◆ **Listed entries**:
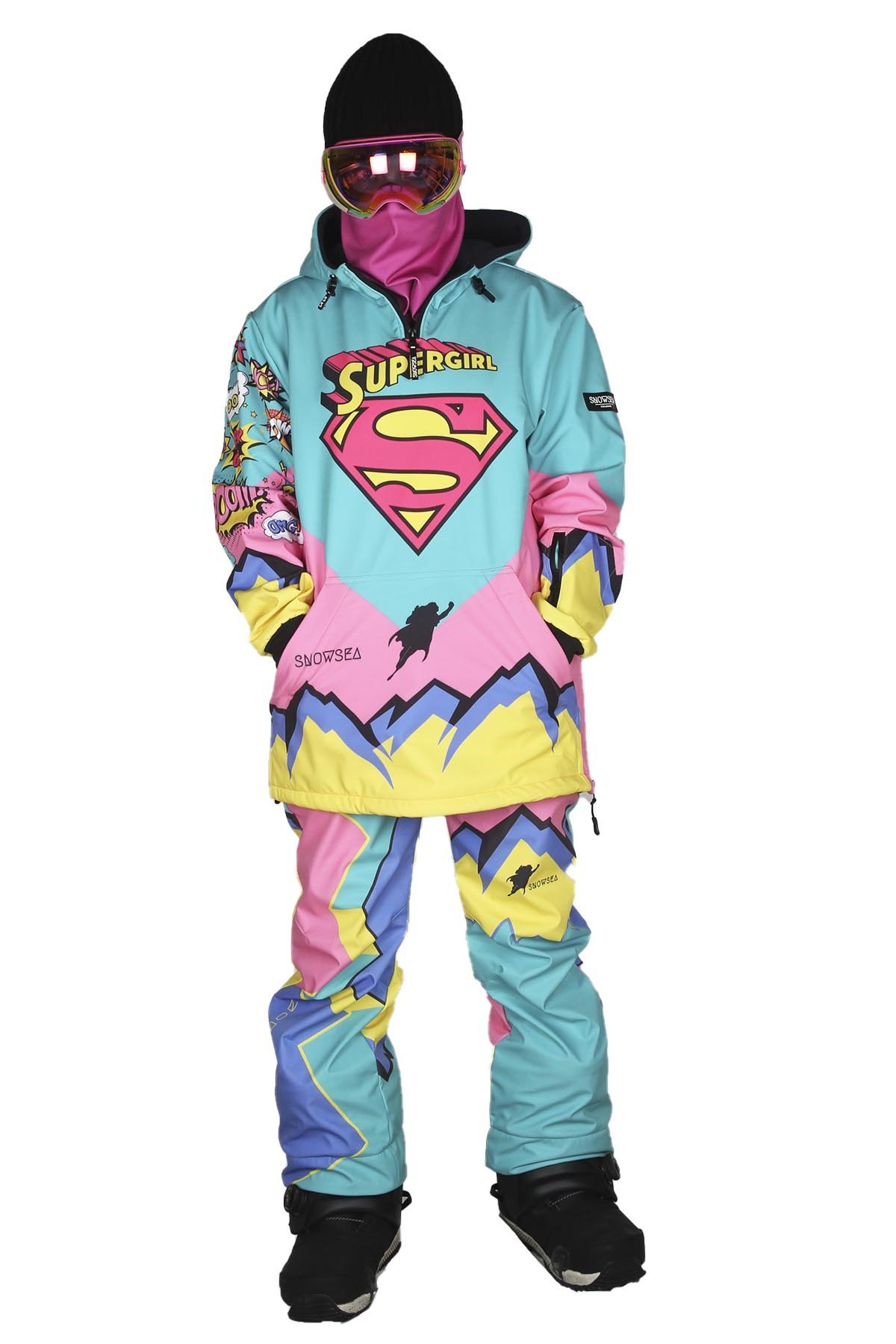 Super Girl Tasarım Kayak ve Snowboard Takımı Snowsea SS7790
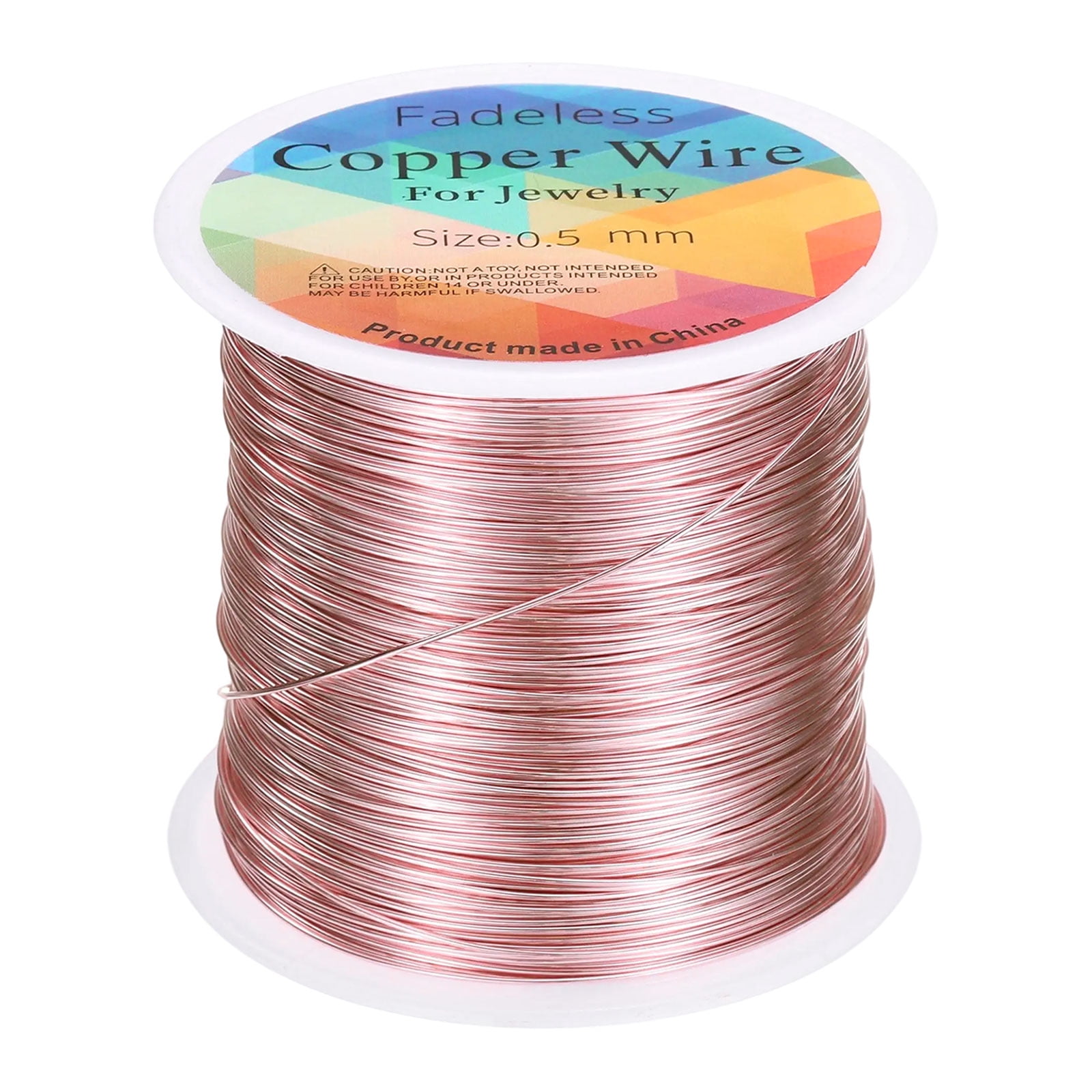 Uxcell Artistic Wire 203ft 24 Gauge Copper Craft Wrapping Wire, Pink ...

--

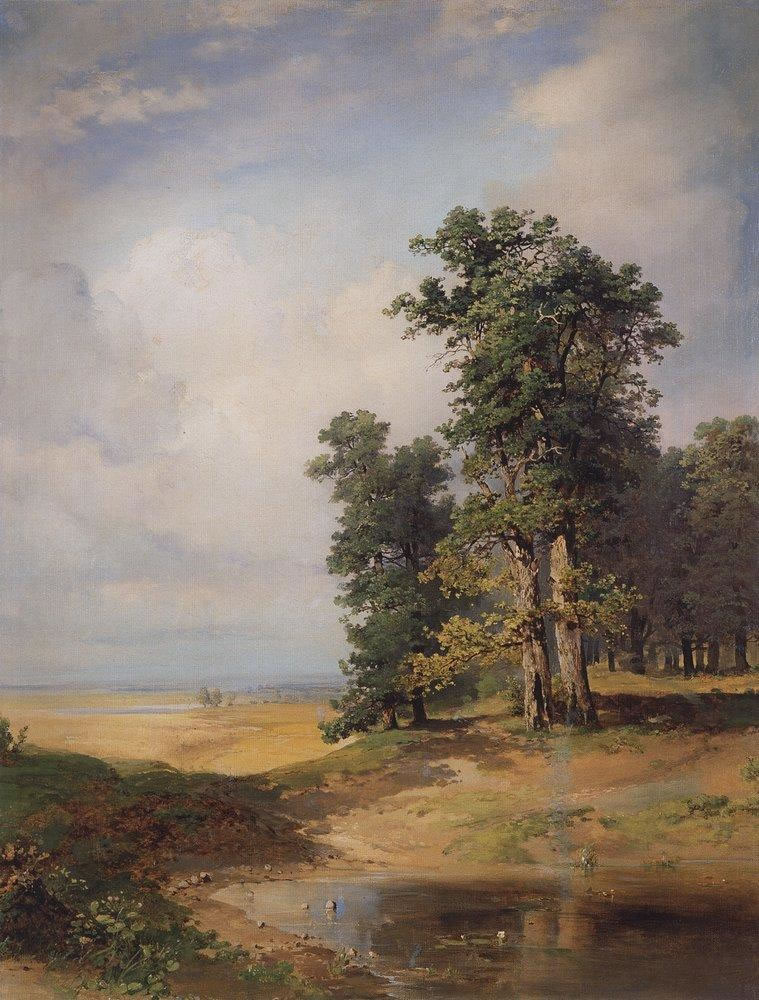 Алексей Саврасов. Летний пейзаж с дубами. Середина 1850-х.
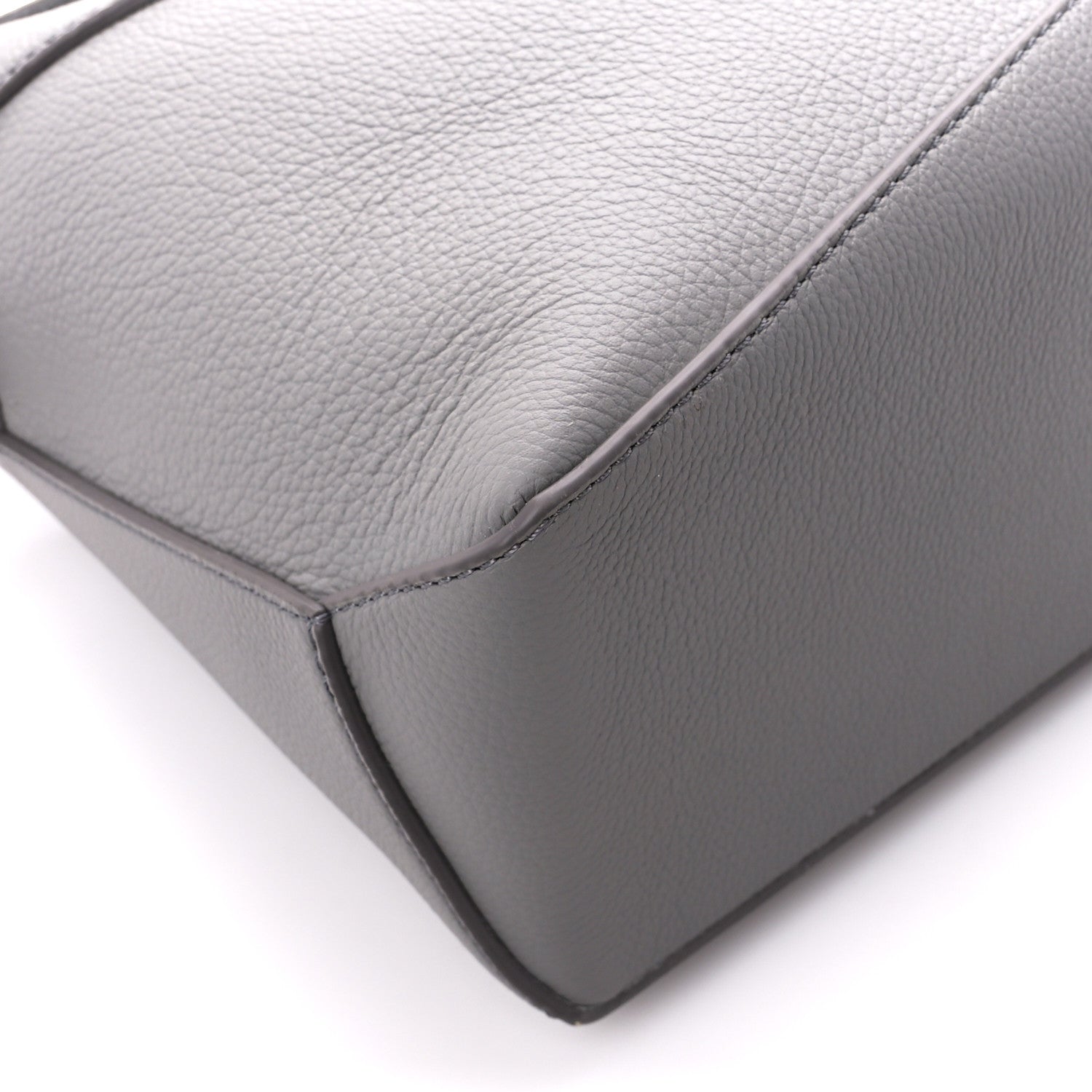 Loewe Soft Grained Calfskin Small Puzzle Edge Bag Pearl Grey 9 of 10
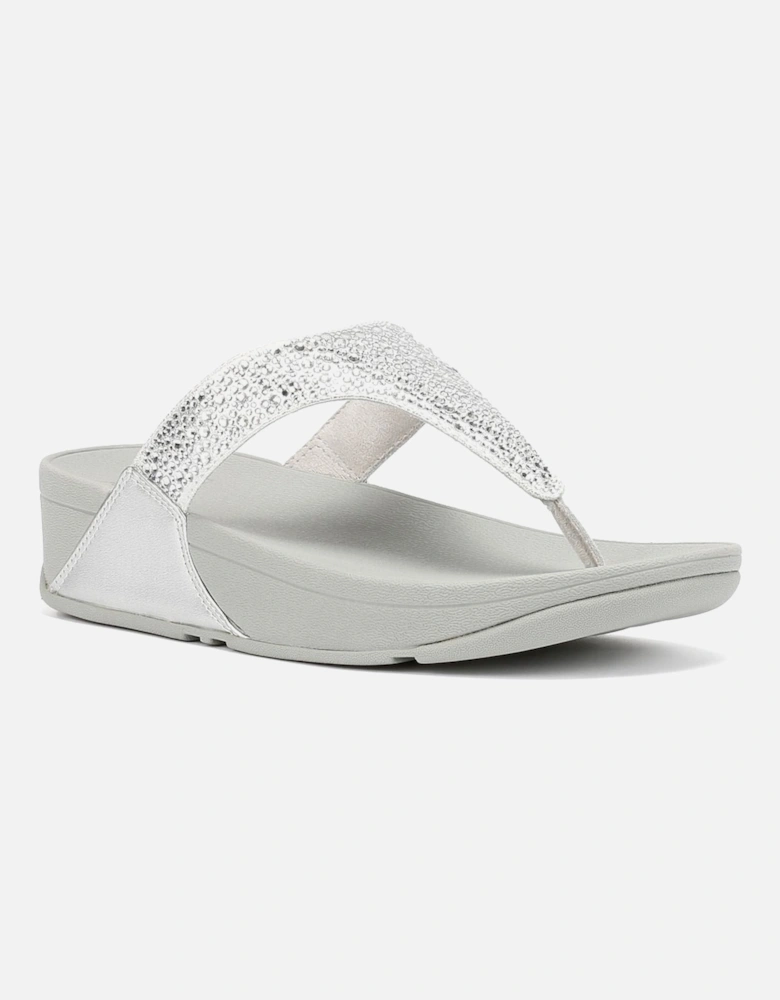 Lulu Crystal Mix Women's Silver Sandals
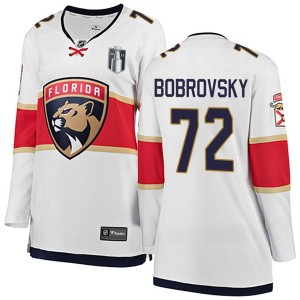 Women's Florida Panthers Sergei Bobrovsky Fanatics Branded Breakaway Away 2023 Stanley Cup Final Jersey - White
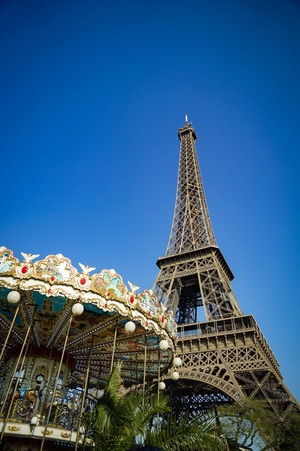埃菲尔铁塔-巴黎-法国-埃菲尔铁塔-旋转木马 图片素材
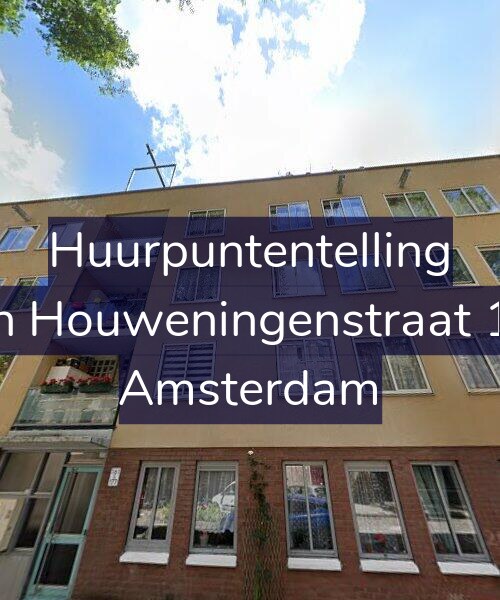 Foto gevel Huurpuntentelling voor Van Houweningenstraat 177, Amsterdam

---

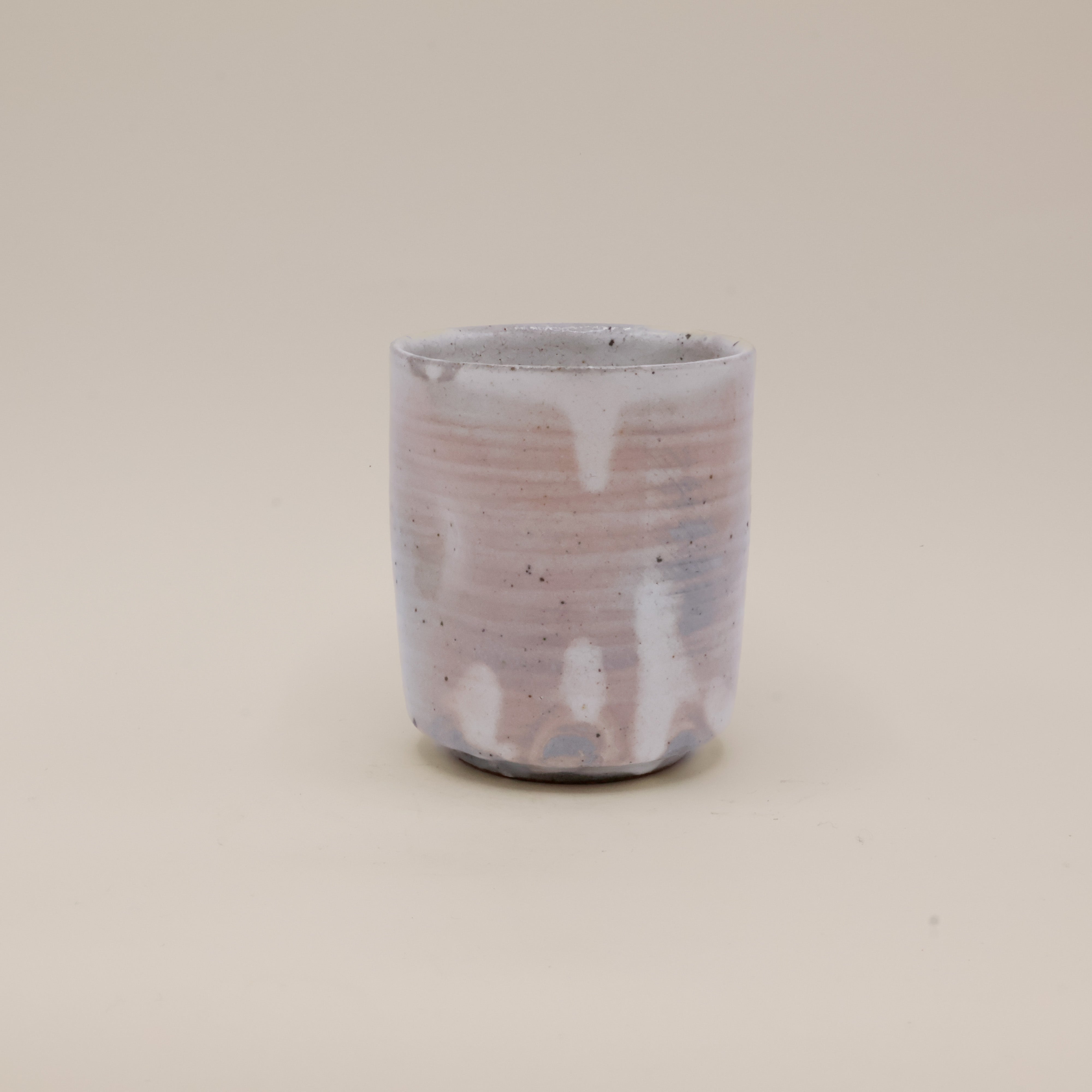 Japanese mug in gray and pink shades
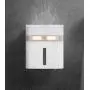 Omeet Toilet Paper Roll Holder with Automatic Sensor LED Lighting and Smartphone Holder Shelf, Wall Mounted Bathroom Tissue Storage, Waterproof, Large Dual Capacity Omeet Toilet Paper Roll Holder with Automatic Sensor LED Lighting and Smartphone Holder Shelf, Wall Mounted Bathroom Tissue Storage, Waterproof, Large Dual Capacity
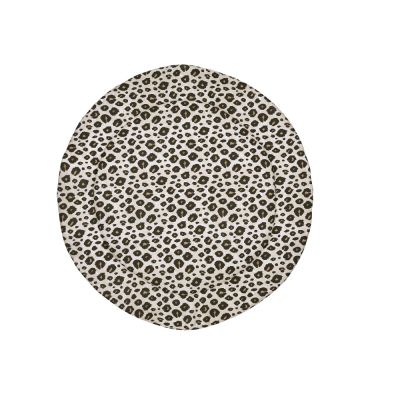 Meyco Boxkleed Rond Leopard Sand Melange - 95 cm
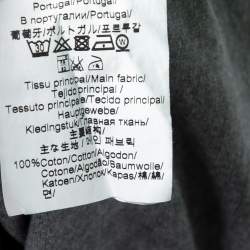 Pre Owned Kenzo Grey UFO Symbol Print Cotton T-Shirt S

◆ **Required work**:
Above are some entries; copy exactly the lines from the line with "埃菲尔铁塔-巴黎-法国-埃菲尔铁塔-旋转木马 图片素材" through the line with "Foto gevel Huurpuntentelling", both included, but none of the pictures.

◆ **Completed exercise**:
埃菲尔铁塔-巴黎-法国-埃菲尔铁塔-旋转木马 图片素材
 Foto gevel Huurpuntentelling voor Van Houweningenstraat 177, Amsterdam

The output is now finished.